* Exercise directions *
When a line of the records contains "Cooling", copy it.

--- Data records ---

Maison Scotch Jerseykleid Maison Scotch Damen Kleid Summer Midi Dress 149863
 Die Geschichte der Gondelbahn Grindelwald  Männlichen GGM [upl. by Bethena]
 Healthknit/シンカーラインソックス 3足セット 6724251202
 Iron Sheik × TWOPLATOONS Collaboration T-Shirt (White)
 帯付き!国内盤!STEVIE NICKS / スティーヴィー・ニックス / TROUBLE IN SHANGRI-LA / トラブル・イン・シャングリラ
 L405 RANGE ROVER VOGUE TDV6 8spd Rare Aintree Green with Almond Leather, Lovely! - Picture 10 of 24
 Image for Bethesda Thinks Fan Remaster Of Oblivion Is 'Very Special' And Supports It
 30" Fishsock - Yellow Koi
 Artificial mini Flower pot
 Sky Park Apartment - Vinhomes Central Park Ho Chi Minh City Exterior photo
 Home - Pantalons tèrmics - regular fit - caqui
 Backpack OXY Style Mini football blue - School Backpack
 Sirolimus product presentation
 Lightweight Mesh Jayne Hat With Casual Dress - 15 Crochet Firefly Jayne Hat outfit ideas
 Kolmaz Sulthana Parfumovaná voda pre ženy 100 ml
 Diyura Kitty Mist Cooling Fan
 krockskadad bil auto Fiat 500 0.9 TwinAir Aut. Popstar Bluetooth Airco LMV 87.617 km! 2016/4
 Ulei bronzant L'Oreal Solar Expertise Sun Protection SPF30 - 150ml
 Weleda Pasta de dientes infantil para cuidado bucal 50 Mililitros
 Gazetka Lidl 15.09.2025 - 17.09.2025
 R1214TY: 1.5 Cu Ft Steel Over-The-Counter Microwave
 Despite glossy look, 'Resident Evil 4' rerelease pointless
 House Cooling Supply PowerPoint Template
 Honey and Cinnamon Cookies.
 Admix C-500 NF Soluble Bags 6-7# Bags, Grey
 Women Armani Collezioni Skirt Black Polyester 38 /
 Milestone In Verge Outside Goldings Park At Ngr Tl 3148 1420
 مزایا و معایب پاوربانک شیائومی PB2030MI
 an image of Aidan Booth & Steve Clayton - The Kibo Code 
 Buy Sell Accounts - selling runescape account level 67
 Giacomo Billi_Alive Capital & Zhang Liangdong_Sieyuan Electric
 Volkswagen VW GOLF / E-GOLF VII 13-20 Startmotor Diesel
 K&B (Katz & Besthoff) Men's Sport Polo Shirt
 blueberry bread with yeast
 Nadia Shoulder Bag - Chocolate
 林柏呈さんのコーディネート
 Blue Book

---

* The answer *
 Diyura Kitty Mist Cooling Fan
 House Cooling Supply PowerPoint Template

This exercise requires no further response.